## TRY IT
Retype the listing below line for line, but only from the line with "Landscape (PRT-18009-119404) - Canvas" down to the line with "Royalty-Free (RF) Girl", inclusive. Pictures stay out.

## MATERIAL TO PROCESS
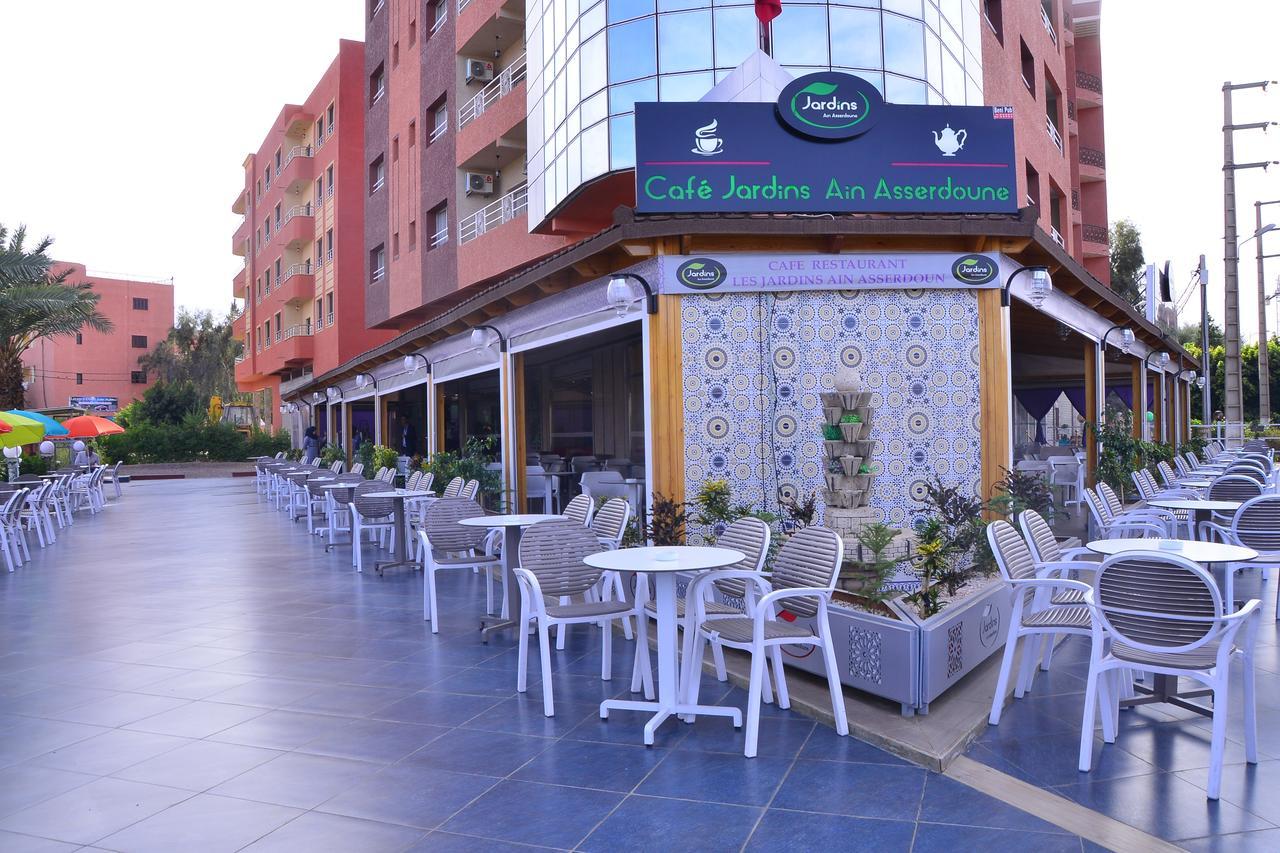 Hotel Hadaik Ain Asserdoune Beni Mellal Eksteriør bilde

* * *

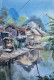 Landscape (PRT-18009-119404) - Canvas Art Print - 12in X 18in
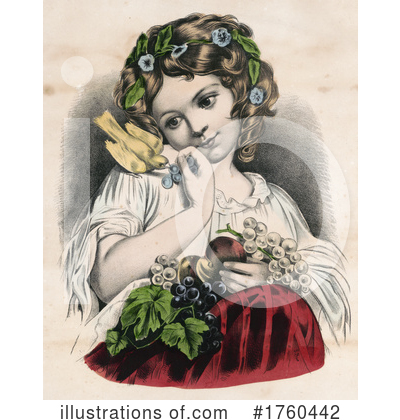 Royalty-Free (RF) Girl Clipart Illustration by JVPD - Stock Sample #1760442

## WRITTEN RESPONSE
 Landscape (PRT-18009-119404) - Canvas Art Print - 12in X 18in
 Royalty-Free (RF) Girl Clipart Illustration by JVPD - Stock Sample #1760442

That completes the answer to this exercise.